Task directions> All of the data below is to be copied exactly.

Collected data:
· · ·

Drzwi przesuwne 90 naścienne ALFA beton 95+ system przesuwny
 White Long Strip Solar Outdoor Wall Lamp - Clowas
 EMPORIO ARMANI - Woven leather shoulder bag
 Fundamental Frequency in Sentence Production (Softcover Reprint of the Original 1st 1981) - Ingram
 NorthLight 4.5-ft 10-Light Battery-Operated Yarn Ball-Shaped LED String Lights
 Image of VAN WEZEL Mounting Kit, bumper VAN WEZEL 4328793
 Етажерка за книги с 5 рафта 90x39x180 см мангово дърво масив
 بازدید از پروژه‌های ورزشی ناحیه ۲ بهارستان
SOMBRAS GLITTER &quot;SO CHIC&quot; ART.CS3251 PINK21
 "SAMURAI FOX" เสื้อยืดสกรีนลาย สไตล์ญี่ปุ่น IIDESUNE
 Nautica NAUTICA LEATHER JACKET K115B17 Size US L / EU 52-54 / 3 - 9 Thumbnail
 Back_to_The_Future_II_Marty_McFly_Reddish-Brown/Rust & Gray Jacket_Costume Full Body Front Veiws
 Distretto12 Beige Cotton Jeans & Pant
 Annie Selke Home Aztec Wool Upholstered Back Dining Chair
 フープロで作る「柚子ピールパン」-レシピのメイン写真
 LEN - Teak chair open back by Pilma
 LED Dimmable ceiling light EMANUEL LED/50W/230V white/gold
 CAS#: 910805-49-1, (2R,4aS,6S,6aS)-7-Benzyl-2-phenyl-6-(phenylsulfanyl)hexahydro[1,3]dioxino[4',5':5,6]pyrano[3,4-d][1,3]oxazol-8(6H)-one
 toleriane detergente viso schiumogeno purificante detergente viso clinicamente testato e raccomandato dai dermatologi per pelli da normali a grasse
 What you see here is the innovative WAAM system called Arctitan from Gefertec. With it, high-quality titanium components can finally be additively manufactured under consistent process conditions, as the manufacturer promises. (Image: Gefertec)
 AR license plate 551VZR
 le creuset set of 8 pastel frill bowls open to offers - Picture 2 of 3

· · ·

Output>
Drzwi przesuwne 90 naścienne ALFA beton 95+ system przesuwny
 White Long Strip Solar Outdoor Wall Lamp - Clowas
 EMPORIO ARMANI - Woven leather shoulder bag
 Fundamental Frequency in Sentence Production (Softcover Reprint of the Original 1st 1981) - Ingram
 NorthLight 4.5-ft 10-Light Battery-Operated Yarn Ball-Shaped LED String Lights
 Image of VAN WEZEL Mounting Kit, bumper VAN WEZEL 4328793
 Етажерка за книги с 5 рафта 90x39x180 см мангово дърво масив
 بازدید از پروژه‌های ورزشی ناحیه ۲ بهارستان
SOMBRAS GLITTER &quot;SO CHIC&quot; ART.CS3251 PINK21
 "SAMURAI FOX" เสื้อยืดสกรีนลาย สไตล์ญี่ปุ่น IIDESUNE
 Nautica NAUTICA LEATHER JACKET K115B17 Size US L / EU 52-54 / 3 - 9 Thumbnail
 Back_to_The_Future_II_Marty_McFly_Reddish-Brown/Rust & Gray Jacket_Costume Full Body Front Veiws
 Distretto12 Beige Cotton Jeans & Pant
 Annie Selke Home Aztec Wool Upholstered Back Dining Chair
 フープロで作る「柚子ピールパン」-レシピのメイン写真
 LEN - Teak chair open back by Pilma
 LED Dimmable ceiling light EMANUEL LED/50W/230V white/gold
 CAS#: 910805-49-1, (2R,4aS,6S,6aS)-7-Benzyl-2-phenyl-6-(phenylsulfanyl)hexahydro[1,3]dioxino[4',5':5,6]pyrano[3,4-d][1,3]oxazol-8(6H)-one
 toleriane detergente viso schiumogeno purificante detergente viso clinicamente testato e raccomandato dai dermatologi per pelli da normali a grasse
 What you see here is the innovative WAAM system called Arctitan from Gefertec. With it, high-quality titanium components can finally be additively manufactured under consistent process conditions, as the manufacturer promises. (Image: Gefertec)
 AR license plate 551VZR
 le creuset set of 8 pastel frill bowls open to offers - Picture 2 of 3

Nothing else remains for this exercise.